The Privileges of Good Looks, and the Downside

4 min read
Brian Lawson / Unsplash

Source: Brian Lawson / Unsplash

In a world that remains highly fixated on outward appearances, the phenomenon of “pretty privilege” awards significant societal advantages to individuals deemed conventionally attractive. While there are clear benefits to such preferential treatment, a deeper examination by researchers reveals there are also certain unwanted consequences to being highly attractive.

Here are two benefits and caveats of the infamous pretty privilege.

1. A “Pretty” Great Personality

A 2021 study examined the stereotype that “beauty is good” and found that attractive individuals were perceived to have more moral traits than unattractive individuals. Research also shows that attractive individuals are thought to be more trustworthy than others.

These assumptions are likely based on the “halo effect,” wherein someone who is perceived positively in one aspect is assumed to possess other positive qualities as well. For instance, highly symmetrical faces are not only seen as attractive, but also positive indicators of health and personality traits such as sociability, intelligence, liveliness, self-confidence and mental health.

Growing up attractive can lend individuals confidence and social skills that make them seem more competent, likable and persuasive. Due to their looks and perceived abilities, social and romantic interactions become more accessible, doors swing open and invitations are readily extended.

However, research shows that attractive individuals can also be perceived as vain. Researchers explain that it is only because of their perceived sociability that moral judgments about them become more balanced.

Additionally, true social connections based on personality and shared interests may be overshadowed by superficial external judgments. Relationships may be initiated for the wrong reasons, leading to a sense of isolation and lack of authentic connection, which is essential for well-being.

On the other hand, a 2022 study also found that if an individual is perceived to be less attractive and less intelligent-looking, they also seem less human to an onlooker. Specifically, less attractive women appeared less human, as did less intelligent men, suggesting a deeper layer of gender bias. These attributions of personality traits become concerning indicators of how individuals with or without pretty privilege might be treated differently, through no fault of their own.

2. A “Pretty” Successful Career

In professional spheres, pretty privilege can be a launchpad for success. Research consistently shows that attractive individuals are more likely to be hired, promoted and receive higher salaries. Their appearance-based confidence also enables them to pursue the wages and opportunities they desire and deserve.

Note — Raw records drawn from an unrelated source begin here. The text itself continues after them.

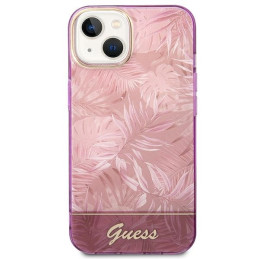 Guess Jungle Collection dėklas iPhone 14 Plus - rožinis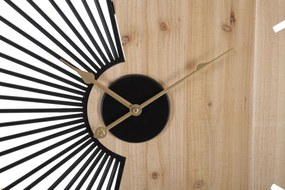 Ceas decorativ negru / bej din MDF si metal, ø 60 cm, Wordy Mauro Ferreti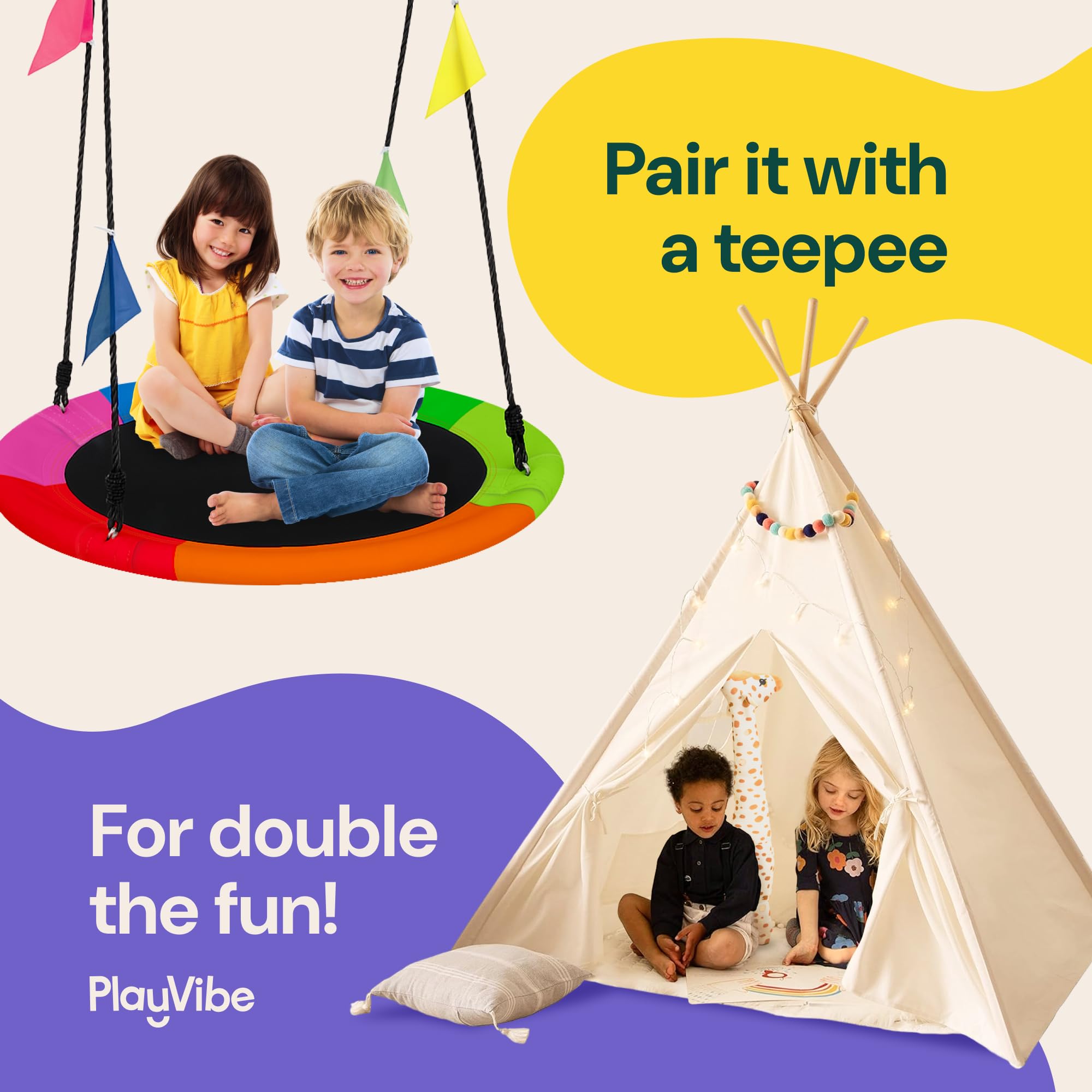 PLAYVIBE 40-Inch Saucer Swing for Kids Outdoor - Multicolor Tree Swing - 440lb Capacity - 600D Oxford Waterproof Fabric & Hanging Straps - Kids Outdoor Toys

Similarly, a student’s appearance in the classroom can also impact the grades they receive. In a 2017 study, female students earned lower grades in online courses than they did in in-person classes. Similarly, in a 2022 study, the grades of attractive female students declined when offline classes switched to online instruction.

Further, pretty privilege may create an academic or workplace dynamic that fosters discrimination, resentment and discontent. The privileged individual may find success but at the cost of their relationships and, possibly, their mental health.

Research shows that attractive women can experience cognitive dissonance or mental conflict when they benefit from pretty privilege, as they may simultaneously be facing contempt, hostility and a lack of empathy due to their advantages, leading to a decline in their mental health. As much as they may be put on a pedestal, they can be devalued by others for the same reasons.

Pretty privilege may also create an overemphasis on external qualities, leading to the development of an unhealthy relationship with one’s body, based on a pressure to “keep up appearances” or continue receiving validation through beauty. The loss or absence of this privilege altogether fuels inadequacy, social comparison and frustration, highlighting the importance of fostering a more inclusive and diverse definition of beauty as well as emphasizing a person’s true, internal qualities above all else.


At its core, pretty privilege bestows upon individuals a range of social, professional and personal advantages based solely on their physical attractiveness. Research on pretty privilege underscores the need to recognize and value the diversity of human experiences beyond physical appearances. Ultimately, understanding the double-edged nature of pretty privilege is a crucial step towards fostering a society that values individuals for their character and abilities rather than aesthetics.